We follow the Functional Dynamic Averaging (FDA) scheme. Let the mean model be

$$ \overline{w_t} = \frac{1}{k} \sum_{i=1}^{k} w_t^{(i)} $$

where $ w_t^{(i)} $ is the model at time $ t $ in some round in the $i$-th learner.

Local models are trained independently and cooperatively and we want to monitor the Round Terminating Conditon (**RTC**):

$$ \frac{1}{k} \sum_{i=1}^{k} \lVert w_t^{(i)} - \overline{w_t} \rVert_2^2  \leq \Theta $$

where the left-hand side is the **model variance**, and threshold $\Theta$ is a hyperparameter of the FDA, defined at the beginning of the round; it may change at each round. When the monitoring logic cannot guarantee the validity of RTC, the round terminates. All local models are pulled into `tff.SERVER`, and $\bar{w_t}$ is set to their average. Then, another round begins.


### Monitoring the RTC

FDA monitors the RTC by applying techniques from Functionary [Functional Geometric Averaging](http://users.softnet.tuc.gr/~minos/Papers/edbt19.pdf). We first restate the problem of monitoring RTC into the standard distributed stream monitoring formulation. Let

$$ S(t) =  \frac{1}{k} \sum_{i=1}^{k} S_i(t) $$

where $ S(t) \in \mathbb{R}^n $ be the "global state" of the system and $ S_i(t) \in \mathbb{R}^n $ the "local states". The goal is to monitor the threshold condition on the global state in the form $ F(S(t)) \leq \Theta $ where $ F : \mathbb{R}^n \to \mathbb{R} $ a non-linear function. Let

$$ \Delta_t^{(i)} = w_t^{(i)} - w_{t_0}^{(i)} $$

be the update at the $ i $-th learner, that is, the change to the local model at time $t$ since the beginning of the current round at time $t_0$. Let the average update be

$$ \overline{\Delta_t} = \frac{1}{k} \sum_{i=1}^{k} \Delta_t^{(i)} $$

it follows that the variance can be written as

$$ \frac{1}{k} \sum_{i=1}^{k} \lVert w_t^{(i)} - \overline{w_t} \rVert_2^2 = \Big( \frac{1}{k} \sum_{i=1}^{k} \lVert \Delta_t^{(i)} \rVert_2^2 \Big) - \lVert \overline{\Delta_t} \rVert_2^2 $$

So, conceptually, if we define
$$ S_i(t) = \begin{bmatrix}
           \lVert \Delta_t^{(i)} \rVert_2^2 \\
           \Delta_t^{(i)}
         \end{bmatrix} \quad \text{and} \quad
         F(\begin{bmatrix}
           v \\
           \bf{x}
         \end{bmatrix}) = v - \lVert \bf{x} \rVert_2^2 $$

The RTC is equivalent to condition $$ F(S(t)) \leq \Theta $$

## 2️⃣ Linear FDA

In the linear case, we reduce the update vector to a scalar, $ \xi \Delta_t^{(i)} \in \mathbb{R}$, where $ \xi $ is any unit vector.
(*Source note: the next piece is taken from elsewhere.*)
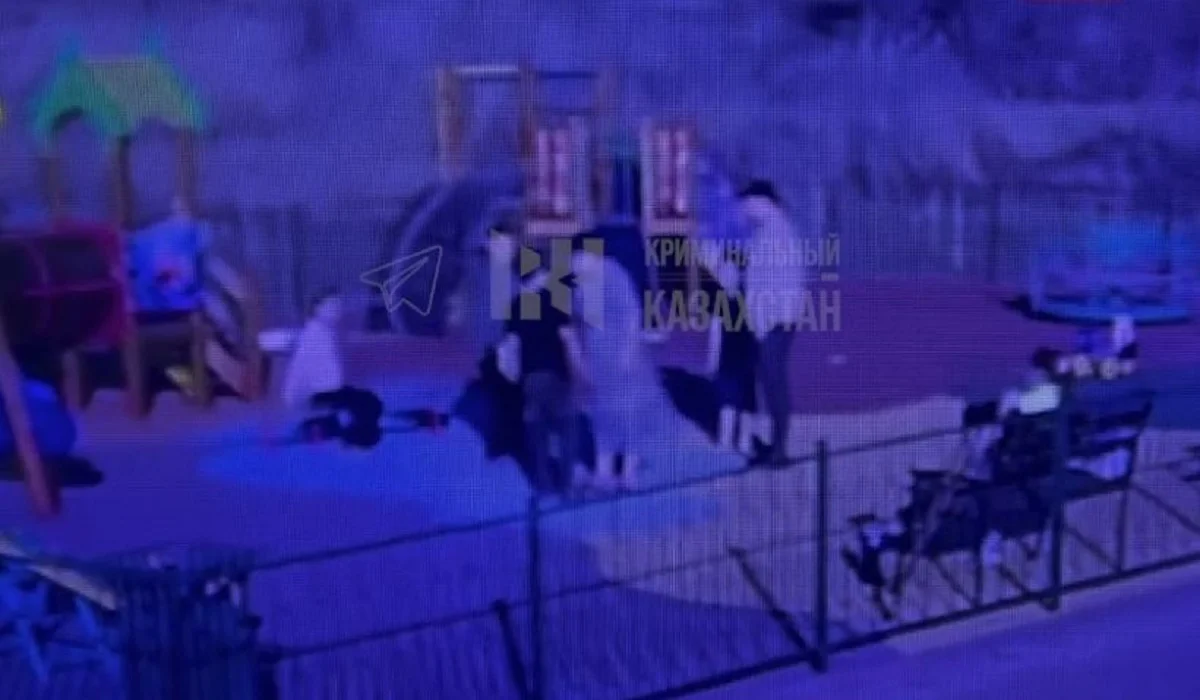 Қарағандыда ер адам балалар алаңында ойнап жүрген жасөспірімді жұлқып құлатты (ВИДЕО)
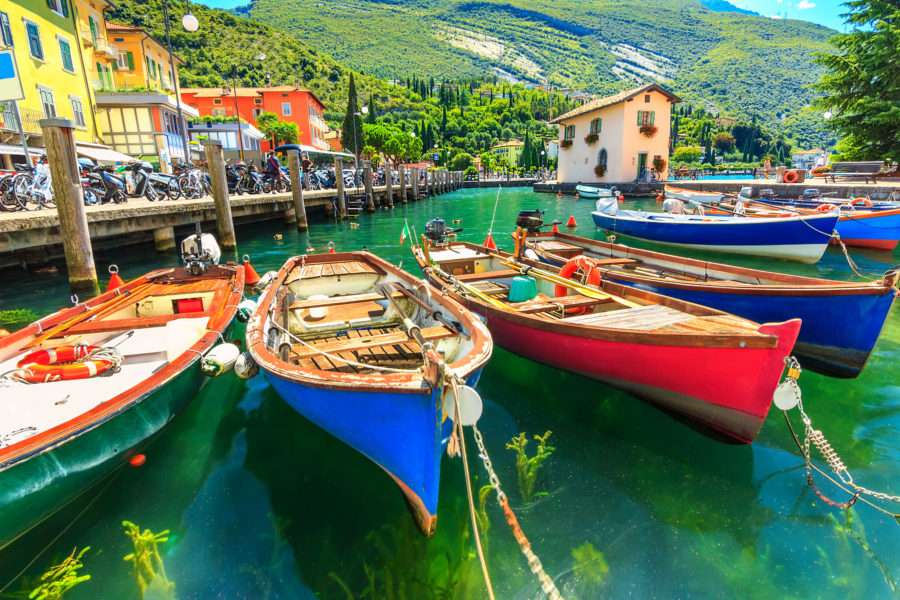 Озеро Гарда с лодками пазл онлайн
Define the local state to be 

$$ S_i(t) = \begin{bmatrix}
           \lVert \Delta_t^{(i)} \rVert_2^2 \\
           \xi \Delta_t^{(i)}
         \end{bmatrix} \in \mathbb{R}^2 $$

Also, define 

$$ F(v, x) = v - x^2 $$

The RTC is equivalent to condition 

$$ F(S(t)) \leq \Theta $$

A random choice of $ \xi $ is likely to perform poorly (terminate round prematurely), as it wil likely be close to orthogonal to $ \overline{\Delta_t} $. A good choice would be a vector $ \xi $ correlated to $ \overline{\Delta_t} $. A heuristic choice is to take $ \overline{\Delta_{t_0}} $ (after scaling it to norm 1), i.e., the update vector right before the current round started. All nodes can estimate this without communication, as $ \overline{w_{t_0}} - \overline{w_{t_{-1}}} $, the difference of the last two models pushed by the Server. Hence, 

$$ \xi = \overline{w_{t_0}} - \overline{w_{t_{-1}}} $$

In [257]:
@tff.tf_computation(MODEL_TYPE, MODEL_TYPE)
def ksi_unit_fn(w_t, w_tminus1):
    
    @tf.function
    def _ksi_unit(w_t, w_tminus1):
        if tf.reduce_all(tf.equal(w_t, w_tminus1)):
            # if equal then ksi becomes a random vector (will only happen in round 1)
            ksi = tf.random.normal(shape=w_t.shape)
        else:
            ksi = w_t - w_tminus1

        # Normalize and return
        return tf.divide(ksi, tf.norm(ksi))
    
    return _ksi_unit(w_t, w_tminus1)

In [240]:
str(ksi_unit_fn.type_signature)

'(<w_t=float32[20,1],w_tminus1=float32[20,1]> -> float32[20,1])'

Using the functions decorated with `tf.function` (context inside Tensorflow) we create the `client_train_fn` with context inside TFF. 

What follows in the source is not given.